## Exercise goal:
Reproduce the records below exactly, but only between the lines holding "香蒲丽眼膜几天用一次?主要成分是什么? 香蒲丽眼膜几天用一次?主要成分是什么?" and "ФОТО Детали кузова", inclusive.

[Collected data]
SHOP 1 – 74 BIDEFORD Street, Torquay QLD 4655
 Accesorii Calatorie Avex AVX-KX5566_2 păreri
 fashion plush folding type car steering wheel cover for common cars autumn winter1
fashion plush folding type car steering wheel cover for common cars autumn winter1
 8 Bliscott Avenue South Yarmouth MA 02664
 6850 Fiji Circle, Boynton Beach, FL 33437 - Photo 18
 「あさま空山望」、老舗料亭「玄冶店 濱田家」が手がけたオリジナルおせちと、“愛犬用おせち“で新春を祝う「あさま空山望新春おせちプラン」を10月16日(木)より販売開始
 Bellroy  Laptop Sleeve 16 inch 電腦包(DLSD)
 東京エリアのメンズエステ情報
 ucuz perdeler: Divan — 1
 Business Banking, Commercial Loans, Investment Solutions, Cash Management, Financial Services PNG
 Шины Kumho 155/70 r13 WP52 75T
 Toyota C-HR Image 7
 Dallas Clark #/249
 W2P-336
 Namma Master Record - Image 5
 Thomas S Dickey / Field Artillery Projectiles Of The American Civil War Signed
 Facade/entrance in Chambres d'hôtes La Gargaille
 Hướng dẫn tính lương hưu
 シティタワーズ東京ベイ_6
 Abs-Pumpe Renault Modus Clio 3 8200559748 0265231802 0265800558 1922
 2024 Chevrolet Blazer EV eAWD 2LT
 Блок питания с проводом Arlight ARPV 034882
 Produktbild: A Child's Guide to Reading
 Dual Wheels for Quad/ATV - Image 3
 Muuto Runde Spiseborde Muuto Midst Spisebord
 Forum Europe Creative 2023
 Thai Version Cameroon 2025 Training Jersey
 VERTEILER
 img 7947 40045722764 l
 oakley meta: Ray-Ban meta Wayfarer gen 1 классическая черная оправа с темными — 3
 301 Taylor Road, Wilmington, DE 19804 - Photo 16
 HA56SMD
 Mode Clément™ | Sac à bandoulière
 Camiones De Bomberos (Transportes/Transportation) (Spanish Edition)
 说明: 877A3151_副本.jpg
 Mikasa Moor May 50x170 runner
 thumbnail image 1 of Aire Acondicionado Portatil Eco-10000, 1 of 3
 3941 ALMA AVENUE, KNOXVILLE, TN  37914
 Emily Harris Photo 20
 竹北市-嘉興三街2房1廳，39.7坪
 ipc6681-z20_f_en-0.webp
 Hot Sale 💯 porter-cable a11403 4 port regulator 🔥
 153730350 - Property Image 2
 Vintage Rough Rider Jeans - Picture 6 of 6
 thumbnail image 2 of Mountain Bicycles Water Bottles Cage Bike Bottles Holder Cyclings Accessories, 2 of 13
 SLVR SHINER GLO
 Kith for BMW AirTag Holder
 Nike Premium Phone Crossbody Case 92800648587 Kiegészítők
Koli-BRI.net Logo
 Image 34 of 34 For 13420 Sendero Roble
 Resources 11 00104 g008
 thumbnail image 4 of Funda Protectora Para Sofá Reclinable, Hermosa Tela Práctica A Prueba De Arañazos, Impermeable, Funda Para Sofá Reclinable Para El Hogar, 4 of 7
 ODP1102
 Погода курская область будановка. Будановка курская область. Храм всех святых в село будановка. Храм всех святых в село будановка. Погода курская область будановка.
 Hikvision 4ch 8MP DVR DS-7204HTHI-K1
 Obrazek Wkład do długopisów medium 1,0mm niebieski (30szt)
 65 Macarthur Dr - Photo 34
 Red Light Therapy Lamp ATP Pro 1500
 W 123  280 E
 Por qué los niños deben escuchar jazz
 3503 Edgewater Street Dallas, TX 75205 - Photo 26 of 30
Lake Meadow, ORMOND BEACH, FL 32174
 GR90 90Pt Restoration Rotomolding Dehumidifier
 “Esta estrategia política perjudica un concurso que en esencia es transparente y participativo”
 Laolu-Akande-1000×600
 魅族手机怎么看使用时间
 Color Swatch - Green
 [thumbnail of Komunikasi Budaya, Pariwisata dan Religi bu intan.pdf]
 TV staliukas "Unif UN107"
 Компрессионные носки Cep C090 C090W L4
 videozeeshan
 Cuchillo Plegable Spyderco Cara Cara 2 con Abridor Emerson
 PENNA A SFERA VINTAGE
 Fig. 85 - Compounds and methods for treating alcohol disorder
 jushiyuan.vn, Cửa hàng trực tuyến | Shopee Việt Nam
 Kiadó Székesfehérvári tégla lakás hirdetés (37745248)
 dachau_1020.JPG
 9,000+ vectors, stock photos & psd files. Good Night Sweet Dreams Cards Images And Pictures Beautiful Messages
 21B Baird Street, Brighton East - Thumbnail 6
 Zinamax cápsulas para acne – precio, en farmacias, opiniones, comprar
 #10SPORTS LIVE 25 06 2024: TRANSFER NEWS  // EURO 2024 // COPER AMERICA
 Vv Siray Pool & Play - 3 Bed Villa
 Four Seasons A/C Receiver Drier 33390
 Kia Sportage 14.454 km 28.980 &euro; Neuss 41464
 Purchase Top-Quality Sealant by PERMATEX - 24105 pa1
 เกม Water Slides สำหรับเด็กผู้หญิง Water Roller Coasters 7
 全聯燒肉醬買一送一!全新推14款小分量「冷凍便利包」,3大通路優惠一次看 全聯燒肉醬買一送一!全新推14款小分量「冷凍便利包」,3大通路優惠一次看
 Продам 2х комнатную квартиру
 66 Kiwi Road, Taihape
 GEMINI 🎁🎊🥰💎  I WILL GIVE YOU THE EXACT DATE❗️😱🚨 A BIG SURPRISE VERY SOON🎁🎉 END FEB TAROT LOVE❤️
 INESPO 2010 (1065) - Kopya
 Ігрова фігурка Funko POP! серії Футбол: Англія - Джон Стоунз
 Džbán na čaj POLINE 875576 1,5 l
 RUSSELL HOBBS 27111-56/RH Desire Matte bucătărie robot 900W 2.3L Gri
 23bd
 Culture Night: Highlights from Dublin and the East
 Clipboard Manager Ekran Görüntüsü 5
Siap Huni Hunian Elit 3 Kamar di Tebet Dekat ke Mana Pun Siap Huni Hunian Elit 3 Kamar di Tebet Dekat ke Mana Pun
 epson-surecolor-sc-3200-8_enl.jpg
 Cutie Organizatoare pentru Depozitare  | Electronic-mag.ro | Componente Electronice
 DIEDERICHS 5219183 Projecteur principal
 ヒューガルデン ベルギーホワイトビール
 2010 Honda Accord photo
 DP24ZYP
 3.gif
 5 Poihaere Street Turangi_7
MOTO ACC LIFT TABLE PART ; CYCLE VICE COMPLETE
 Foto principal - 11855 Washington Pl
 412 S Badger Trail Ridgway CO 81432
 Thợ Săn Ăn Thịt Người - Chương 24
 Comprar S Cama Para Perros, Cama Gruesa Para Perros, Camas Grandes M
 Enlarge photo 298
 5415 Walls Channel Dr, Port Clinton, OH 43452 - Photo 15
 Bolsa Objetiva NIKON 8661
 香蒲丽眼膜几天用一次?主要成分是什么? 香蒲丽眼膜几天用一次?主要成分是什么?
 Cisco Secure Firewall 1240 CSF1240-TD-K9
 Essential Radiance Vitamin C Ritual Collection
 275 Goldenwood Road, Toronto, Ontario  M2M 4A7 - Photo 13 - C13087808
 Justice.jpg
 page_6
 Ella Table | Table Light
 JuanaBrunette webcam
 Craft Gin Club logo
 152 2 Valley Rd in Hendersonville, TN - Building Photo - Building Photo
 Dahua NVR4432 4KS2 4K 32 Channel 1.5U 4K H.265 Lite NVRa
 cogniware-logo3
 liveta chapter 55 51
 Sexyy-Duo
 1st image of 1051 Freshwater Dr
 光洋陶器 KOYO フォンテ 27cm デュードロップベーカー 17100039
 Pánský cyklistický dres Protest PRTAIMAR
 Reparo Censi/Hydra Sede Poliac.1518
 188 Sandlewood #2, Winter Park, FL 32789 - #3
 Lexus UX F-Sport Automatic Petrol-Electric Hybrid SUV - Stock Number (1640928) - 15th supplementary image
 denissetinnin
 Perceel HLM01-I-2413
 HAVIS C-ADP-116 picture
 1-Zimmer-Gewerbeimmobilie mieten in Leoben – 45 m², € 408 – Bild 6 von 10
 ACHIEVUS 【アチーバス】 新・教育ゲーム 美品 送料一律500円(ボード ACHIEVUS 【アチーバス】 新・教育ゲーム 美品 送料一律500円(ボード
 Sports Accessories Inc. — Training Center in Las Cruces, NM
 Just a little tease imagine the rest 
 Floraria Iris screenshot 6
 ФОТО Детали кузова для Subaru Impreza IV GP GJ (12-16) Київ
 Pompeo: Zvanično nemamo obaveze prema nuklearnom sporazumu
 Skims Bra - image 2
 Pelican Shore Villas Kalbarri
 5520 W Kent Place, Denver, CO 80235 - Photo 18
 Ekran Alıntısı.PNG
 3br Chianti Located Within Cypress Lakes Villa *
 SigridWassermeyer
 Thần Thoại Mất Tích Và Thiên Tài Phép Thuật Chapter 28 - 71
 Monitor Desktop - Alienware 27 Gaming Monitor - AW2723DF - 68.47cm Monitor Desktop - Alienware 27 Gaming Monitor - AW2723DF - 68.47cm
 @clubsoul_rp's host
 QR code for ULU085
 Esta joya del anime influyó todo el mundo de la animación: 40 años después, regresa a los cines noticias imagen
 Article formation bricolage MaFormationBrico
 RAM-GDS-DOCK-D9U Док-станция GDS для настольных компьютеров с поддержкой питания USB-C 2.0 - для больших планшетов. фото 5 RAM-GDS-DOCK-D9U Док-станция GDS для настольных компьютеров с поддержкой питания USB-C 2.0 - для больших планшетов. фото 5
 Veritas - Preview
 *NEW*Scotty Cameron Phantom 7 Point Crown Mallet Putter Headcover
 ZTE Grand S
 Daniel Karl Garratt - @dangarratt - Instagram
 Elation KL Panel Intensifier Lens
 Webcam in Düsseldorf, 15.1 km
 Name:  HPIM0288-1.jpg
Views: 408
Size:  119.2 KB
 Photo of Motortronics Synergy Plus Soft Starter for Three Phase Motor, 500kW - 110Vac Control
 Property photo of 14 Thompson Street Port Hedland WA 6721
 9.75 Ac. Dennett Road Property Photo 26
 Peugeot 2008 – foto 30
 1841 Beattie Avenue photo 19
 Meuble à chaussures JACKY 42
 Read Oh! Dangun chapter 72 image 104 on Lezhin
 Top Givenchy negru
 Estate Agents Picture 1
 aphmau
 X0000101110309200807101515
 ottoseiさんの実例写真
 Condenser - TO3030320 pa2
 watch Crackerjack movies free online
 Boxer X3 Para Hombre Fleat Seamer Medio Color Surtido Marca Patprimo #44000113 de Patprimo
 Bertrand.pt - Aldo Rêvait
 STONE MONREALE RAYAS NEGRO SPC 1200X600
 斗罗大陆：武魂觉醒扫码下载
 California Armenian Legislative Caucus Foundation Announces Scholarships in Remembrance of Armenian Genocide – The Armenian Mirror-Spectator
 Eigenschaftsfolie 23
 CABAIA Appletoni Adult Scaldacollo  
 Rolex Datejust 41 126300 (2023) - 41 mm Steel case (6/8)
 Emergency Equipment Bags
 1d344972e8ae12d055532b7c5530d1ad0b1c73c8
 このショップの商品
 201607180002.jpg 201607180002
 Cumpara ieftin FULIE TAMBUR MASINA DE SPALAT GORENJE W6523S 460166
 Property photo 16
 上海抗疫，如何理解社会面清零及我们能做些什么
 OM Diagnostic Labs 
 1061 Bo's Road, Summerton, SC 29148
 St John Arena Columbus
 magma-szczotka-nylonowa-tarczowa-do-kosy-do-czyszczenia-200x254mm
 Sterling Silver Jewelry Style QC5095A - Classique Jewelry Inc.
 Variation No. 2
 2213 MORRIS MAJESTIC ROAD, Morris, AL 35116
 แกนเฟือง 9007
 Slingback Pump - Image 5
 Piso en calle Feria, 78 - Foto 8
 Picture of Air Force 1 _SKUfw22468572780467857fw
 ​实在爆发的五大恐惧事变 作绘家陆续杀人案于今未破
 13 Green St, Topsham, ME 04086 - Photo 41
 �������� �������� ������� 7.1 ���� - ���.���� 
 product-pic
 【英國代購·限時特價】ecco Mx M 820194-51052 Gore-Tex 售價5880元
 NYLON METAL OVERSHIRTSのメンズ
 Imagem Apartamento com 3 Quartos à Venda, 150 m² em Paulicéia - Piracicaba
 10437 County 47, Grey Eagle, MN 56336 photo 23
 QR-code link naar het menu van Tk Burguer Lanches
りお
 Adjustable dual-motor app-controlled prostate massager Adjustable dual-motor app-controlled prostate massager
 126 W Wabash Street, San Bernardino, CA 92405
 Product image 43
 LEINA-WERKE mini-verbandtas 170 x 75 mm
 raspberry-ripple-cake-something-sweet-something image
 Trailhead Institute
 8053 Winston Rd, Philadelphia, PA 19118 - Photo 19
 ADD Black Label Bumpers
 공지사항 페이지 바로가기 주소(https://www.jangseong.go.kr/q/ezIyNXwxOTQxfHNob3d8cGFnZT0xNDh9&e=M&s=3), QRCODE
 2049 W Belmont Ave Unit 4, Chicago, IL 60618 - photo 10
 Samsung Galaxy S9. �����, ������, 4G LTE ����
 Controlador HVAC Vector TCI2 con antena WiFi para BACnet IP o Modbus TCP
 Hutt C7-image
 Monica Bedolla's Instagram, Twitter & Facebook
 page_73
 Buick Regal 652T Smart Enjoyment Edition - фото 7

## Task solution:
 香蒲丽眼膜几天用一次?主要成分是什么? 香蒲丽眼膜几天用一次?主要成分是什么?
 Cisco Secure Firewall 1240 CSF1240-TD-K9
 Essential Radiance Vitamin C Ritual Collection
 275 Goldenwood Road, Toronto, Ontario  M2M 4A7 - Photo 13 - C13087808
 Justice.jpg
 page_6
 Ella Table | Table Light
 JuanaBrunette webcam
 Craft Gin Club logo
 152 2 Valley Rd in Hendersonville, TN - Building Photo - Building Photo
 Dahua NVR4432 4KS2 4K 32 Channel 1.5U 4K H.265 Lite NVRa
 cogniware-logo3
 liveta chapter 55 51
 Sexyy-Duo
 1st image of 1051 Freshwater Dr
 光洋陶器 KOYO フォンテ 27cm デュードロップベーカー 17100039
 Pánský cyklistický dres Protest PRTAIMAR
 Reparo Censi/Hydra Sede Poliac.1518
 188 Sandlewood #2, Winter Park, FL 32789 - #3
 Lexus UX F-Sport Automatic Petrol-Electric Hybrid SUV - Stock Number (1640928) - 15th supplementary image
 denissetinnin
 Perceel HLM01-I-2413
 HAVIS C-ADP-116 picture
 1-Zimmer-Gewerbeimmobilie mieten in Leoben – 45 m², € 408 – Bild 6 von 10
 ACHIEVUS 【アチーバス】 新・教育ゲーム 美品 送料一律500円(ボード ACHIEVUS 【アチーバス】 新・教育ゲーム 美品 送料一律500円(ボード
 Sports Accessories Inc. — Training Center in Las Cruces, NM
 Just a little tease imagine the rest 
 Floraria Iris screenshot 6
 ФОТО Детали кузова для Subaru Impreza IV GP GJ (12-16) Київ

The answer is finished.